EXERCISE
With the pictures left out, set down the line containing "Vintage Retro Hippy" and each line after it to the end of the material, exactly as written.

TASK DATA
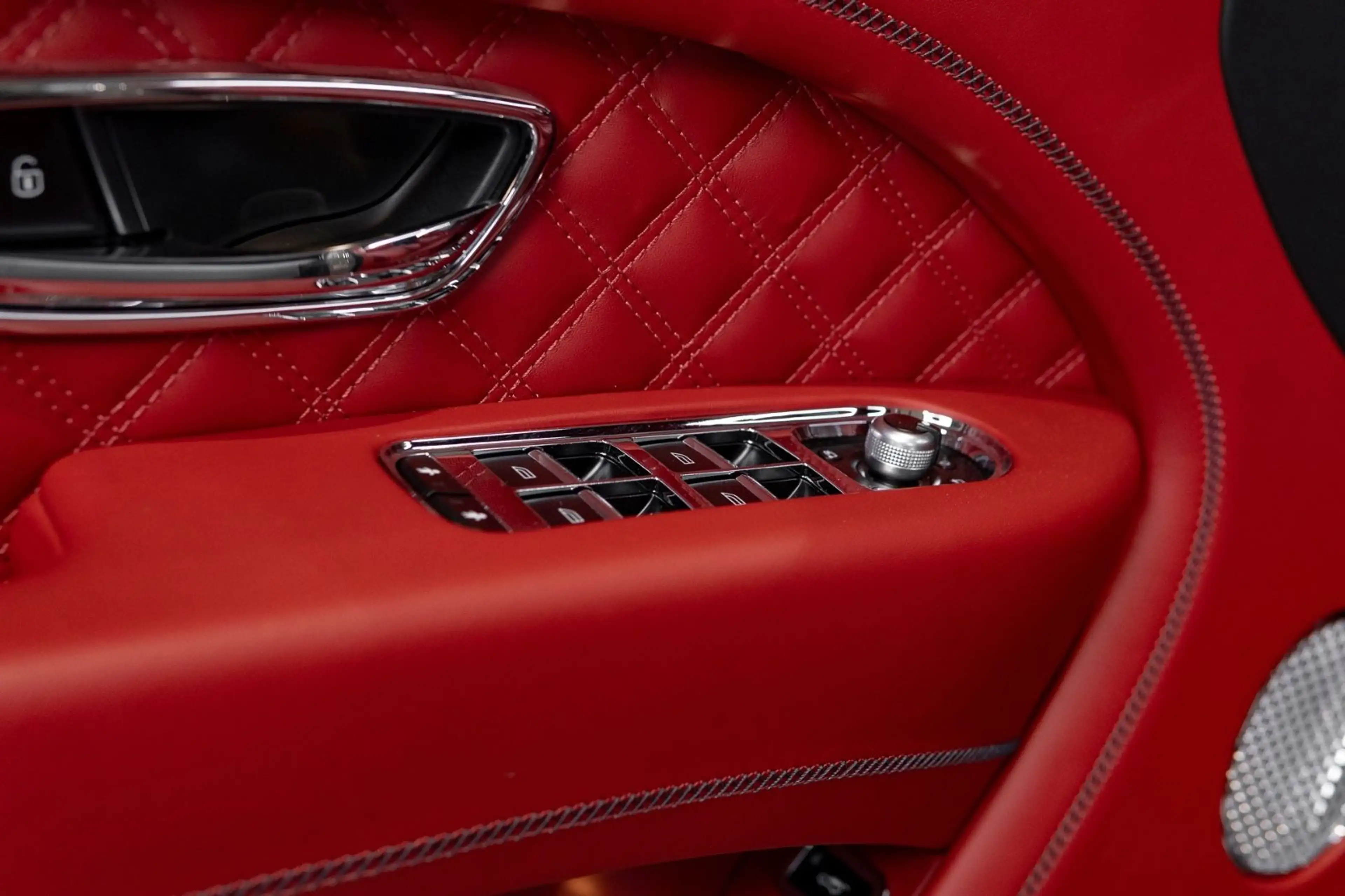Bentley Bentayga S °HUD°MASS°NIGHT°PANO°360° — photo 14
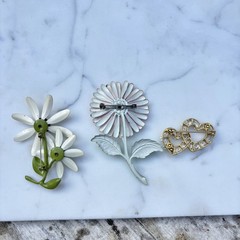Vintage Retro Hippy Mod 60’s Lot of 3 Enamel Metal Colorful Flower Pins Brooches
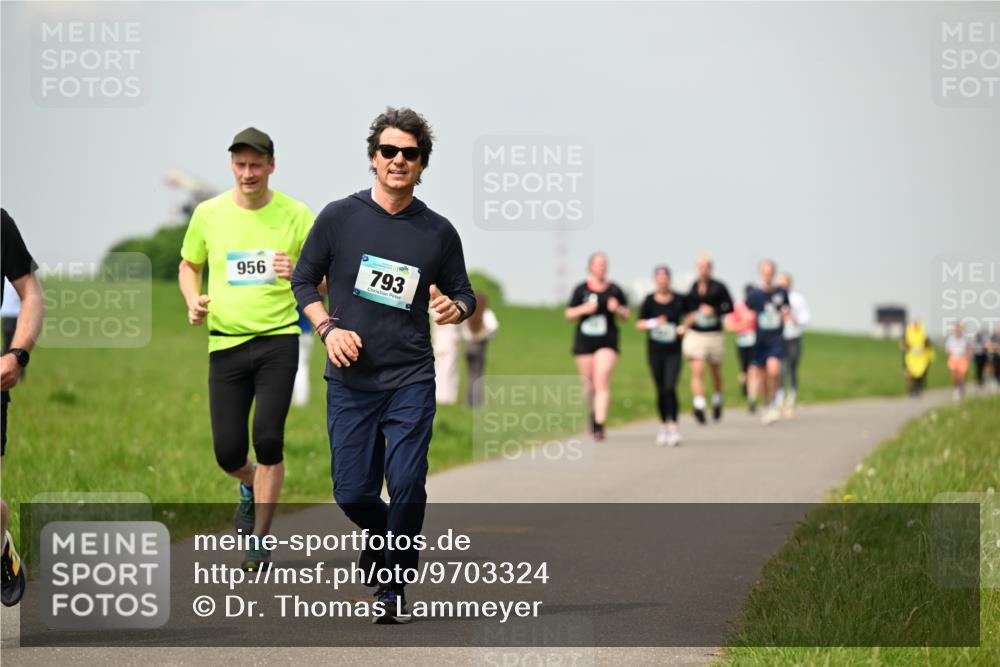 10.05.2026 - 8. Wedeler Halbmarathon Dr. Thomas Lammeyer http://msf.ph/oto/9703324 10.05.2026 11:50:04 Laufen 956, 793 meine-sportfotos.de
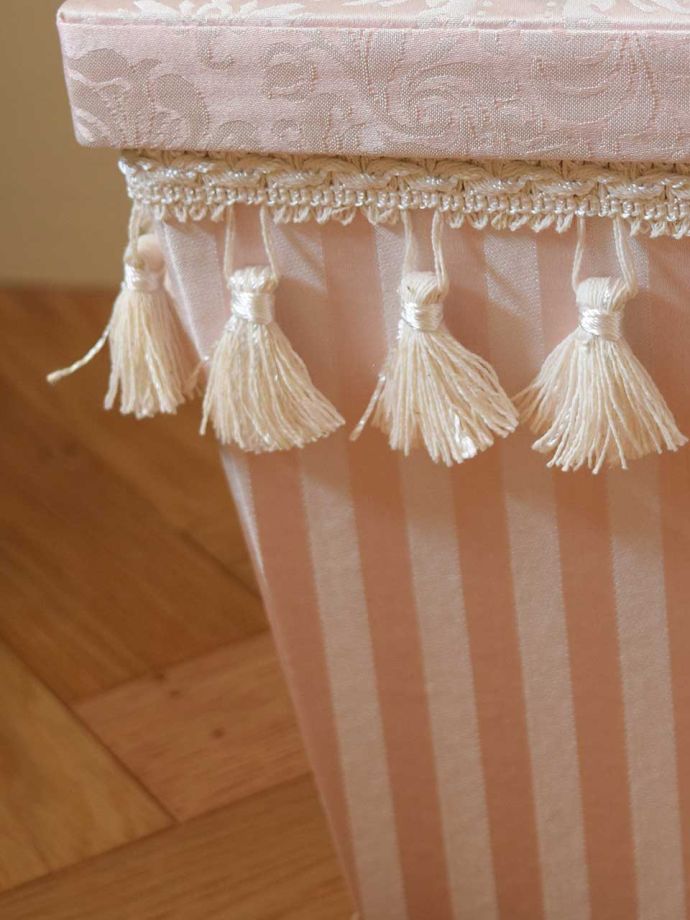 ジェニファーテイラーのダストボックス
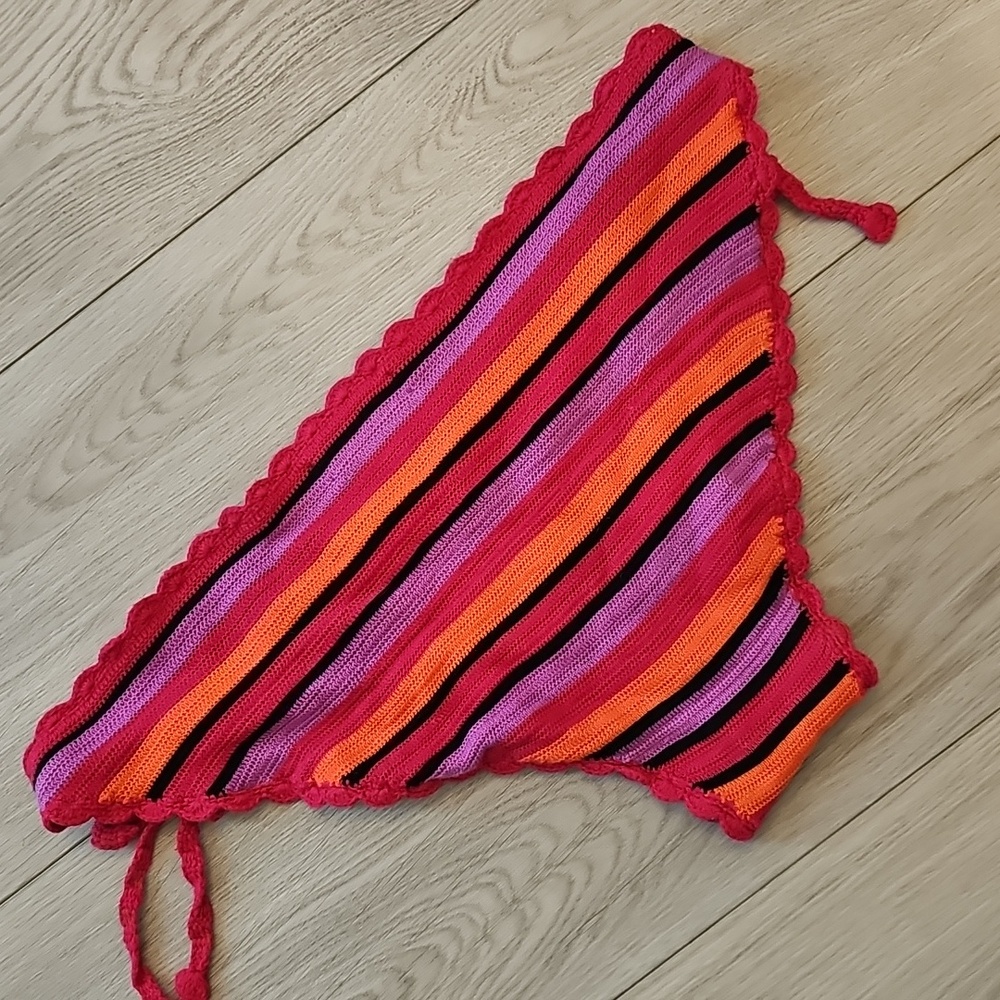 Banana Republic Boho Festival‎ Crochet Lined Tie Bikini Set, Medium - Picture 12 of 14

TASK RESPONSE
Vintage Retro Hippy Mod 60’s Lot of 3 Enamel Metal Colorful Flower Pins Brooches
 10.05.2026 - 8. Wedeler Halbmarathon Dr. Thomas Lammeyer http://msf.ph/oto/9703324 10.05.2026 11:50:04 Laufen 956, 793 meine-sportfotos.de
 ジェニファーテイラーのダストボックス
 Banana Republic Boho Festival‎ Crochet Lined Tie Bikini Set, Medium - Picture 12 of 14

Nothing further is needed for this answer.